As with making anything else homemade, there are many reasons to make your own homemade crackers.
Healthy Ingredients: It’s hard to find crackers that are as wholesome as these Lentil Crackers. Whole beans (sprouting the beans makes them more nutritious), hearty flours and other ingredients with no preservatives or additives makes these crackers a healthy snack you can feel good about serving and eating.
Control Over Ingredients: Want a completely organic cracker? Use all organic ingredients. Need a totally vegan recipe? You can do it. Avoiding grains? You can do that too.
Save Money: While time of course, is something to consider, ounce for ounce you will save money making your own homemade crackers, especially if you purchase your ingredients in bulk. Store-bought crackers, like most processed foods, are quite expensive when you look at the price per pound of the finished product.

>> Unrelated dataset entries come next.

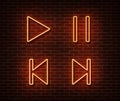 Neon player button signs vector isolated on brick wall. Play, pause, next, previous track light symb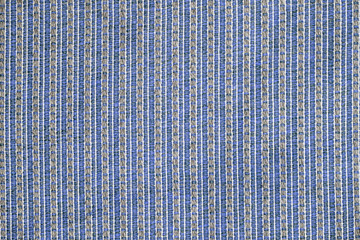 The texture of lined blue coarse cloth, the background of the carpet with the lines of the seams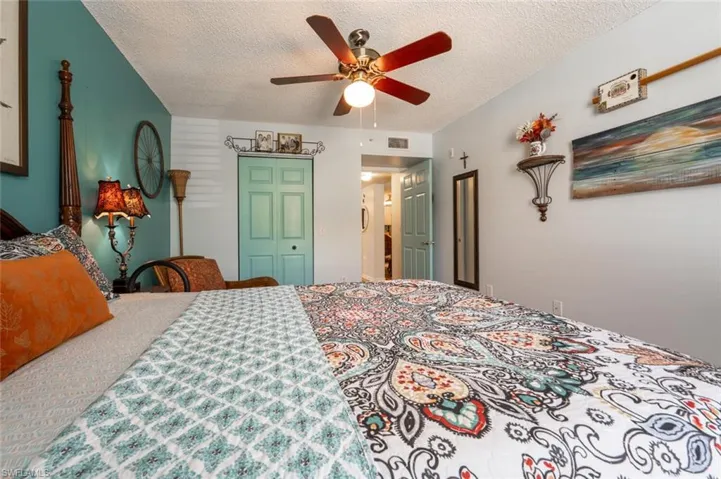 Bedroom with a textured ceiling, ceiling fan, a closet, and visible vents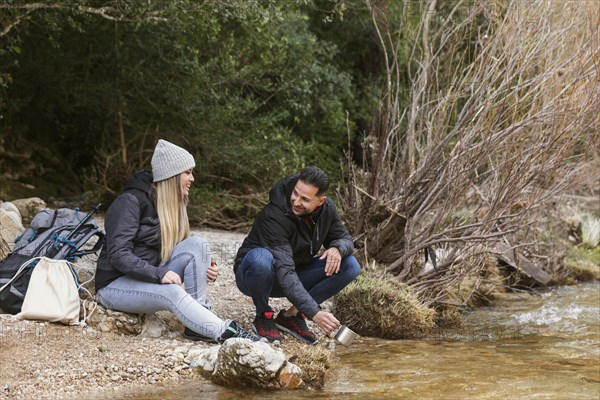 Couple nature drinking water from river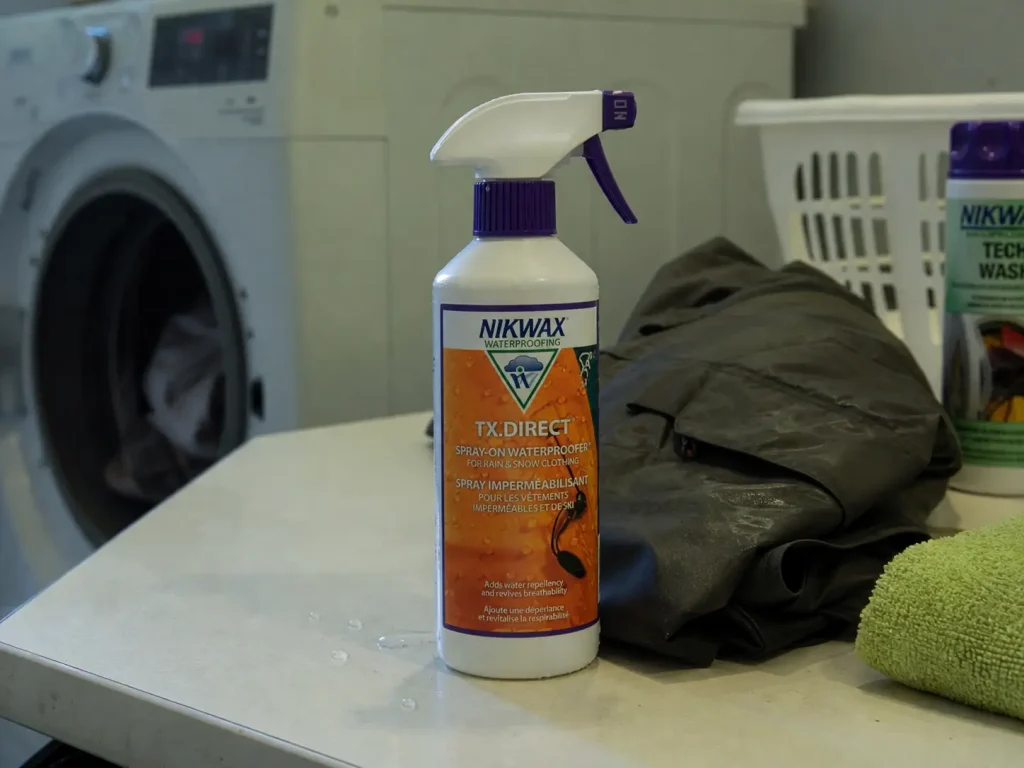 Waterproofing spray and technical wash set out beside a wading jacket before reproofing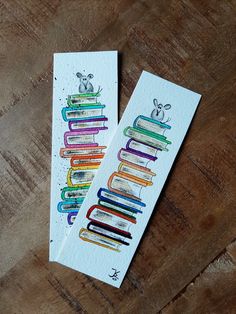 two bookmarks with colorful books on them sitting on a wooden table next to each other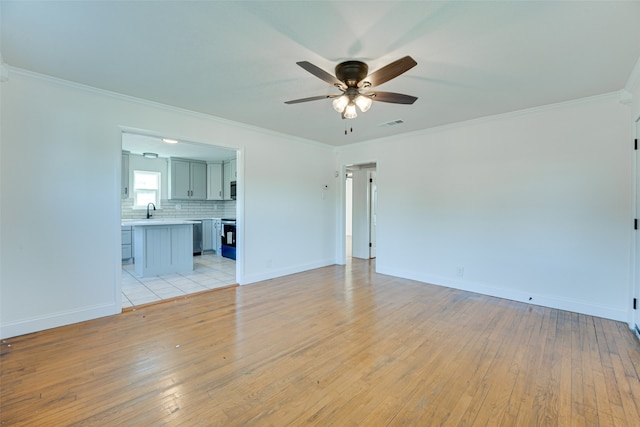 empty room featuring light hardwood / wood-style flooring, ornamental molding, and ceiling fan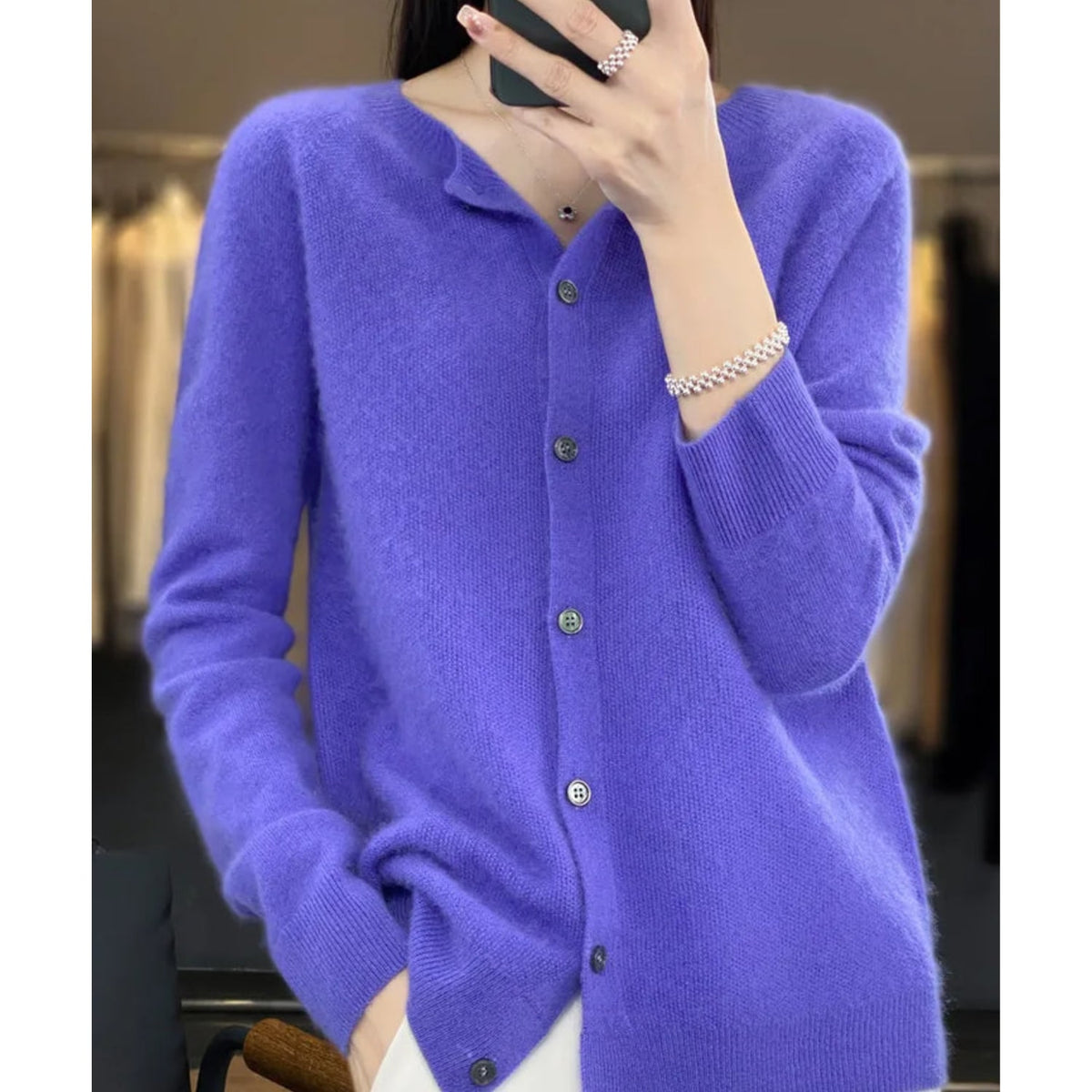 Front view of a woman wearing a purple fine knit button-front cardigan, with hands in pockets.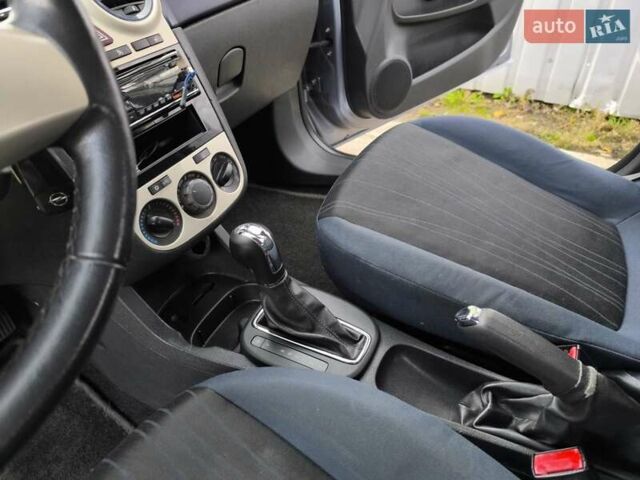 Серый Опель Корса, объемом двигателя 1.4 л и пробегом 211 тыс. км за 6750 $, фото 16 на Automoto.ua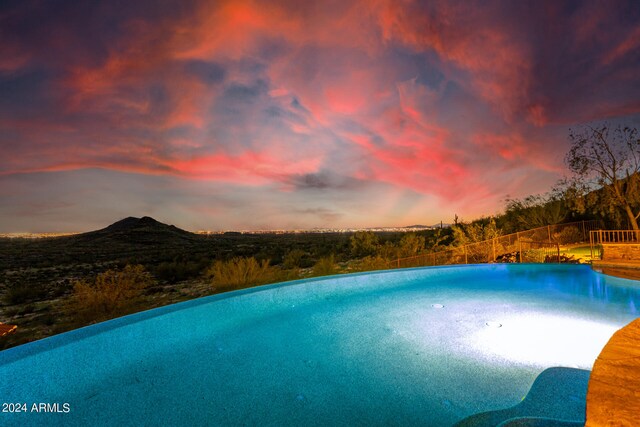 pool at dusk featuring a mountain view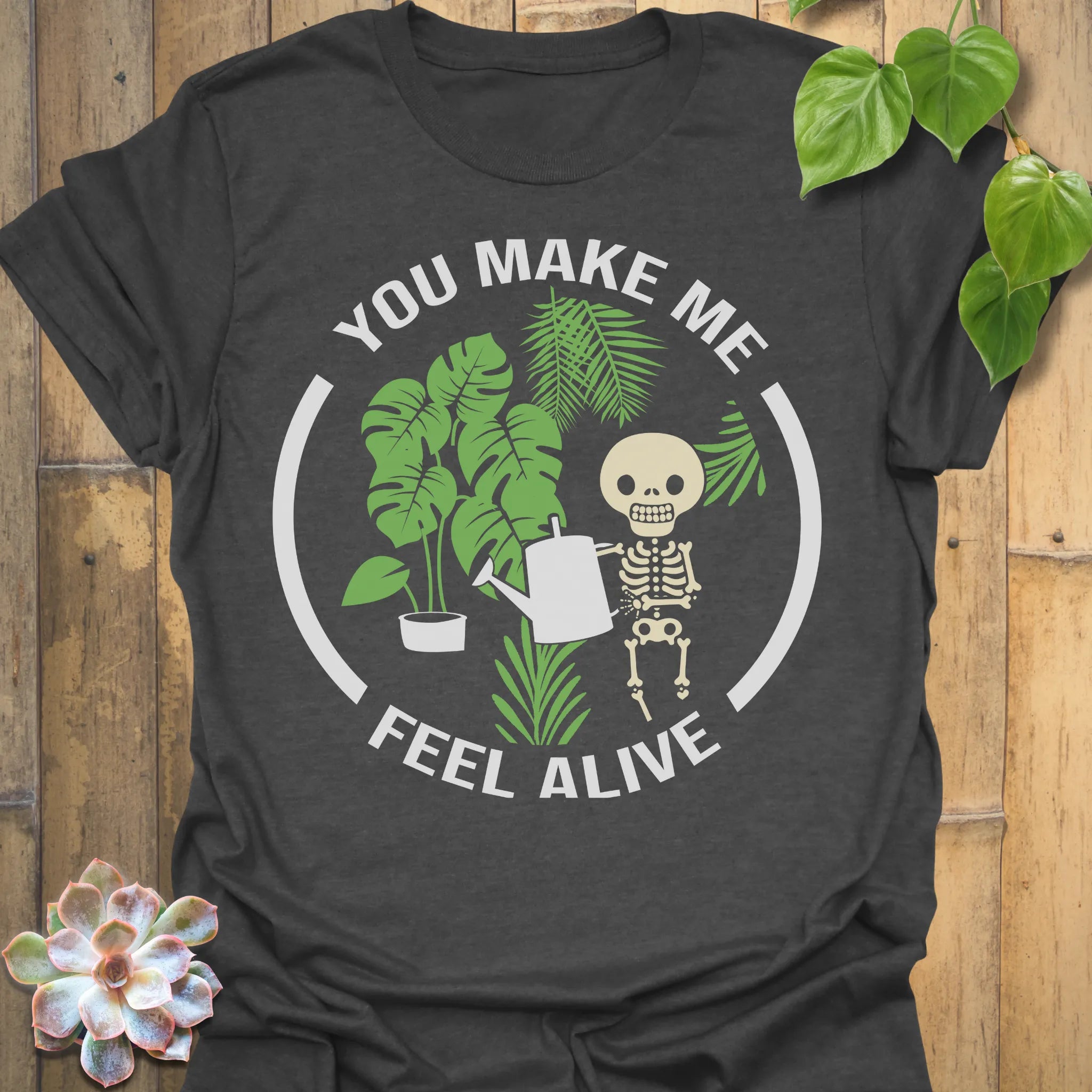 Dark Heather t-shirt featuring the design Feel Alive printed in bold white letters with plants, motivational graphic tee.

Gram for gram, homemade crackers are a great value, and putting together the dough is not that difficult.
The lentils that form the base of these crackers are not only rich in nutrients, they take less time to prepare than other beans.
You can boil dry lentils straight out of the package or sprout them for a day or two and boost their digestibility further (make sure to de-gas the lentils though!).
I’ve made these homemade crackers with both un-sprouted and sprouted lentils, with similar tasting results. Before making each batch, I cooked more than enough lentils and used the extra portions for making soup and hummus. Next time I will consult Adrienne’s roundup of lentils recipes for even more ideas.
The process of rolling out the dough and forming the crackers was similar to making my Swedish Hard Tack Crackers, though lentil crackers rank higher in both nutritional value and allergy friendliness. And once the crackers are baked, they are hearty enough to stand on their own. Or you can opt to add a topping, like dairy-free green pesto, cilantro pesto, olive tapenade, or crab salad. I could happily eat these crackers all summer long. Won’t you join me?
Optional Sprouting Step:
The above photo is of lentils that were soaked for 12 hours in spring water, then drained and allowed to sprout in the jar for 24 hours.
Recipe Notes
- Nut-Free Variation: Substitute ½ cup organic brown or organic white rice flour for almond flour and increase coconut oil to 6 tablespoons. Bake at 325 degrees F (160 C).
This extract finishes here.